The problem, of course, is actually delivering the vaccine in time. New, more infectious strains of the disease will raise the population vaccination threshold necessary for herd immunity. But fully 32% of nursing home workers in New York State have refused the vaccine, and earlier this month France had delivered only 515 vaccines in the entire country -- compared to 944,000 in the U.K. -- due to widespread hesitancy to accept the jab.
Whether Biden overcomes this resistance with a big new round of spending for carrots or with the stick of mandatory dosing, the situation does not bode well for the “unity” he promised this week.
The vaccine, however, may be less thorny than the situation he faces in terms of consumer debt.

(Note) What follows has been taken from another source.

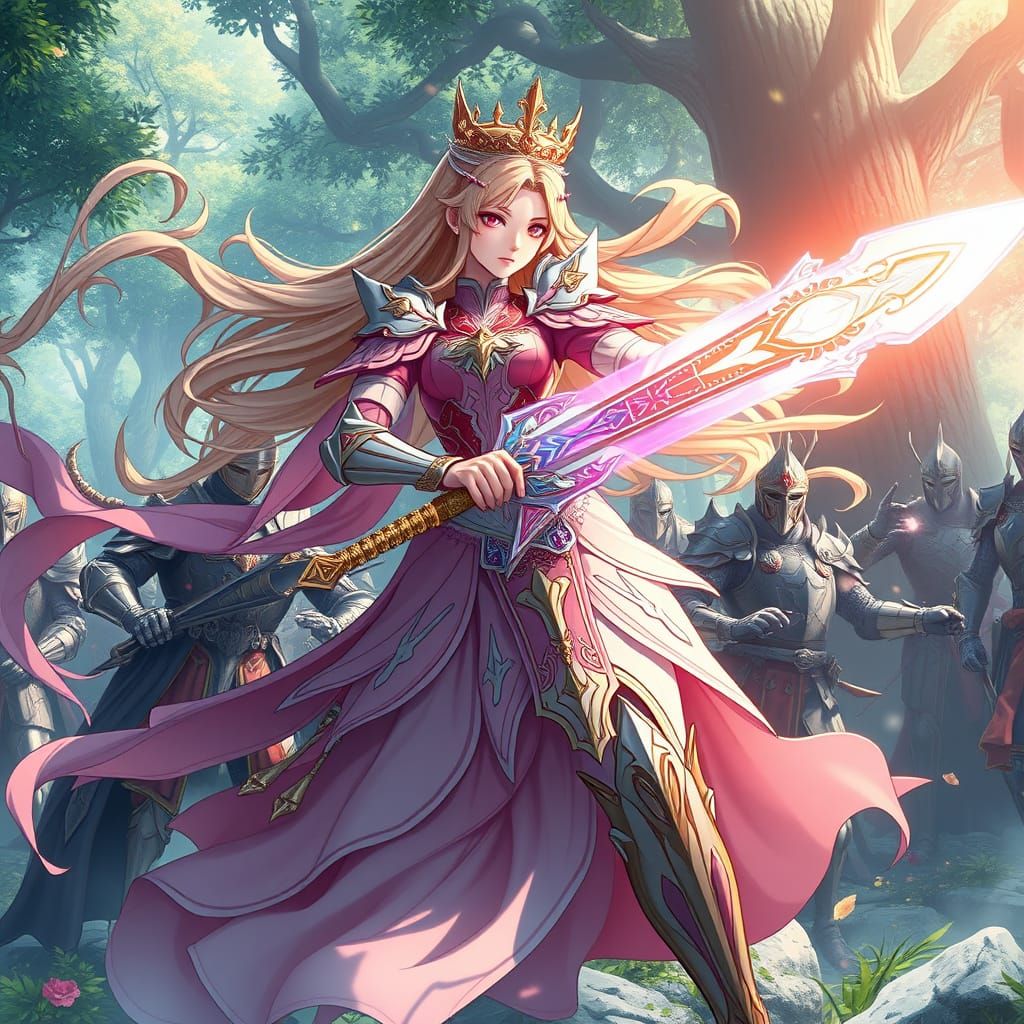 Regal Princess Battles Heavily Armored Knights in a Lush Fan...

19 million people in 8.1 million rental units are behind on their rent, owing an estimated $70 billion by the end of this month. That amounts to $6,000 per renter, and Biden extended the federal eviction moratorium by two months.
There are only two basic ways to resolve these debts: either the creditors write them off, taking a blow to their balance sheets; or they start collecting the arrears sometime this year, draining away much of any coming recovery. This too is a bad recipe for “unity.”
Finally, the radical dislocation in workstyles and commerce brought on by the pandemic mean a major revaluation of commercial real estate. At least 60% of employers say they will allow some ongoing level of work from home, which means a double digit level of reduced demand for office space. Hard-hit San Francisco -- for example -- lost 85% of its office space leasing activity in 2020.
This same phenomenon allows workers in the most expensive real estate markets to move from their costly multi-family housing to suburban homes or other, cheaper cities. Fourteen of the 17 priciest rental markets saw average rents decline by double digits last year, with New York and San Francisco leading the way with 29% drops each.
This is a huge problem for landlords, as commercial property values are determined by “direct capitalization.” Investors take the net operating income of a property -- the amount of rent money left over after paying all expenses -- and divide it by a “capitalization rate” closely tied to interest rates. Low interest rates mean that every dollar of lost rent translates into huge reductions in property valuations.
The United States has $3.66 trillion in outstanding commercial real estate debt -- on offices, retail, multifamily housing -- and every downtick in demand means more properties go underwater. $430 billion of this debt matures in 2021: some owners will have to sell at distressed prices, others will surrender their collateral to their lenders, others will renegotiate terms -- in all cases, asset value disappears.
Unity is a function of shared interests -- when people are fighting over a shrinking set of resources they become desperate and bitter. At best, Biden has a plan for the vaccine rollout and a punt strategy for consumer debts. To date he has said nothing about the growing commercial real estate crisis. His only hope: pull off the vaccine rollout and then make lenders and landlords take a bath.
If President Biden can pull that off, there’s a chance he’ll get a couple of years of approval and calm. If he listens to those with the most power and money, however, his inauguration speech will be just the latest of a long line of presidential lies.
Our only investment advice: Let it breathe.